6 Strategies for Soothing a Perfectionist
When anxiety is high with your perfectionist, here are strategies to help calm your child down.
Hover over each Learning Benefit below for a detailed explanation.
When nothing less than the best is acceptable, anxiety and frustration run rampant. To help your perfectionist loosen up:
Let her know it's okay to make mistakes. That's why pencils have erasers. Share your own stumbles from school days. Many kids are so afraid to be wrong, they become frustrated when a project doesn't come easily. Reassure her that when you are really stumped, leaving the answer blank and asking the teacher for help the next morning is okay.
Set an example. Make sure you are not sending a mixed message. If you slide into crisis mode when you overcook dinner or the computer eats one of your files, you can't expect your child to calmly handle problems. Pay attention to how you act and react to daily hassles. Do you work hard but always feel swamped, or do you pat yourself on the back for the things you have accomplished? Making simple shifts in the way you perceive your world will help your child see his in a different light. When he sees you rally in the face of adversity, he'll know that he can take a deep breath and begin again.
Praise effort, not grades. Some perfectionists are stymied because they believe they must grow up to be mini-yous. Set a standard that is good enough — but not unrealistic. Unless your child knows you appreciate and love her for who she is and what she accomplishes, she may forever feel one-down by comparison.
Round out his world.
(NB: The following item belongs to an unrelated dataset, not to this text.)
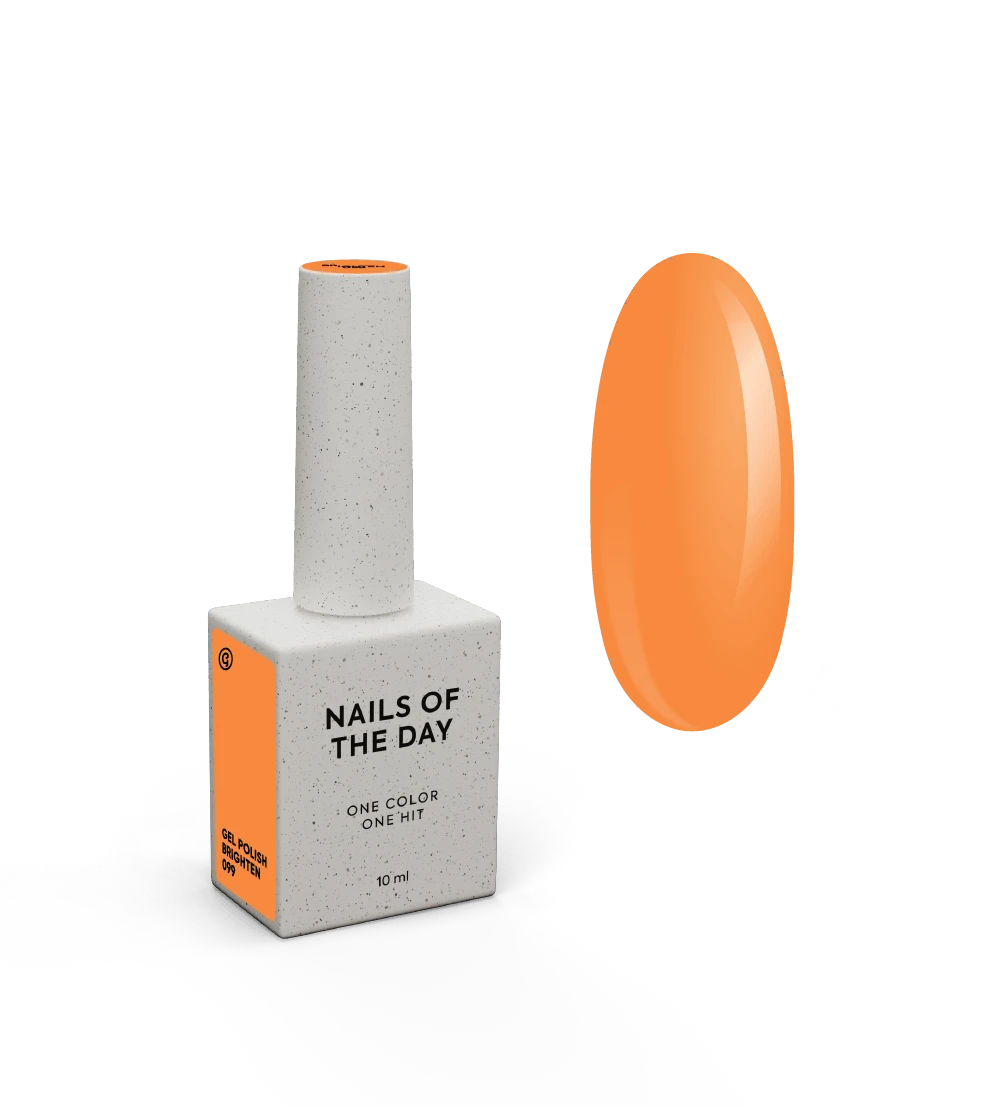 NAILSOFTHEDAY Gel Polish Brighten 099 — esmalte semipermanente naranja pastel, cubre en una capa, 10 ml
Kids today don't have enough time just to play, found a study published by the University of Michigan Institute for Social Research. Seventy-five percent of a child's day, researchers say, is tightly programmed with carefully outlined activities that are parent-structured and parent-supervised. Counter the perfectionist child's belief that every minute must be spent doing something productive by giving him time to do absolutely nothing.
Empathize with her feelings. If she's upset about a low mark, don't minimize or belittle her feelings. Hear her out, and say, "You feel badly about how you did." That's called "mirroring." While you'll feel like a parrot at first, you'll soon notice that this psychological tool can jumpstart many stalled conversations. Your child will be more likely to continue to share her thoughts than if you said, "Don't be ridiculous. One bad grade isn't going to kill you."
- Hold the criticism. Phrase any corrections generally: "Why don't you look this sentence over?" Look over homework if your child asks you to — perhaps even asking questions such as, "How did you find the answer to that?" — but leave specific guidance to the teacher.